Digital Ceramic Ape
Medium
The mintSellFarm() function is designed to help rebalance the BOOST price while simultaneously growing the size of the liquidity pool. However, in certain scenarios, the addLiquidity component of the function can fail, leaving USDC in the contract and preventing the liquidity pool from growing as intended. By making the addLiquidity function public, this process could be retriggered publicly, ensuring that the USDC is properly utilized for farming, in line with the protocol’s documentation.
The mintSellFarm() function has two components: mintAndSell and addLiquidity.
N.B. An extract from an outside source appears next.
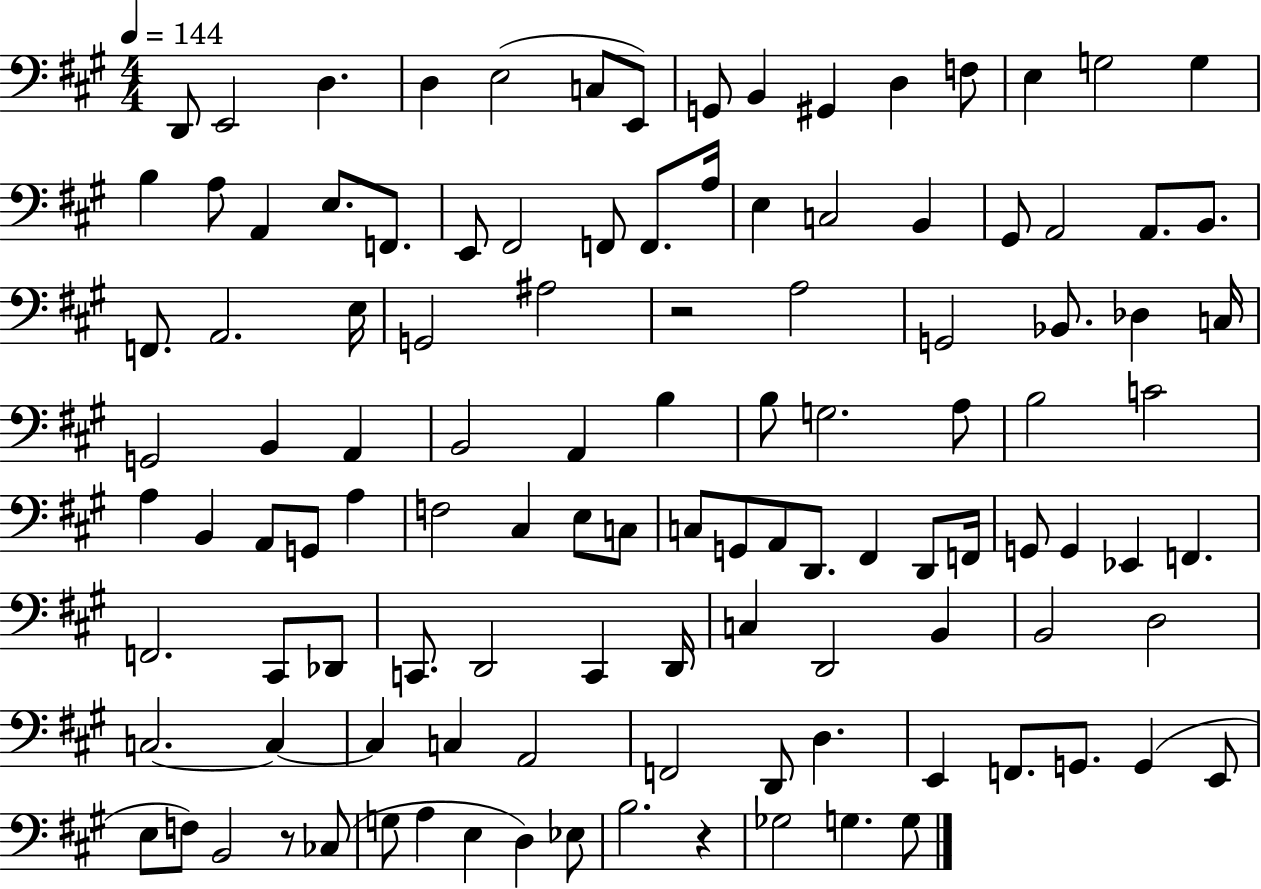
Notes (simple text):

While the mintAndSell function can succeed, addLiquidity may revert if the price of BOOST falls outside of the allowed range (based on the range width). Because addLiquidity is not a public function, it cannot be triggered again directly to farm the remaining USDC, resulting in stuck collateral and failure to grow the pool.
Failure of private bot automation (e.g., a bot that triggers mintSellFarm) and a need to rely on public functions to trigger pool rebalancing manually.
Failure to add liquidity when mintSellFarm is triggered — this could occur if rebalancing is too partial or excessive, as seen in the issue regarding "Incorrect Pool Math in _mintSellFarm". External factors such as incorrect BOOST price ranges or rapidly changing pool conditions may also lead to failed liquidity addition.
This scenario can arise naturally without any malicious actors. However, when mintSellFarm and addLiquidity are not atomic, an attacker may be able to exploit the situation by manipulating the price or range width:
- At cost when the pool is small: By selling BOOST at a high price just before mintSellFarm is triggered, an attacker can manipulate the price to be out of the allowed range, causing addLiquidity to revert.
- At zero cost when the pool is large: If the pool is large enough, attackers could profit from selling BOOST at a high price before mintSellFarm is triggered, then use the profits to spam the addLiquidity conditions, effectively blocking the liquidity addition process.
The failure to grow the size of the liquidity pool automatically hinders the protocol’s ability to maintain a healthy and balanced liquidity pool, which could result in instability in the price of BOOST. This is a medium severity issue, as it does not immediately break the system but leads to inefficiencies that could affect long-term stability and liquidity.
No response
Make the addLiquidity function public, making it possible to call it manually when both automation fails and addliquidity in public mintsellfarm initially fails.
This ensures that any leftover USDC in the contract can still be used to grow the pool, preventing stuck liquidity and maintaining alignment with the protocol’s goals.
Alternatively, a check could be added to retry addLiquidity with all USDC in the contract at a later point if it initially fails due to range issues, ensuring that all collateral is eventually deployed as intended.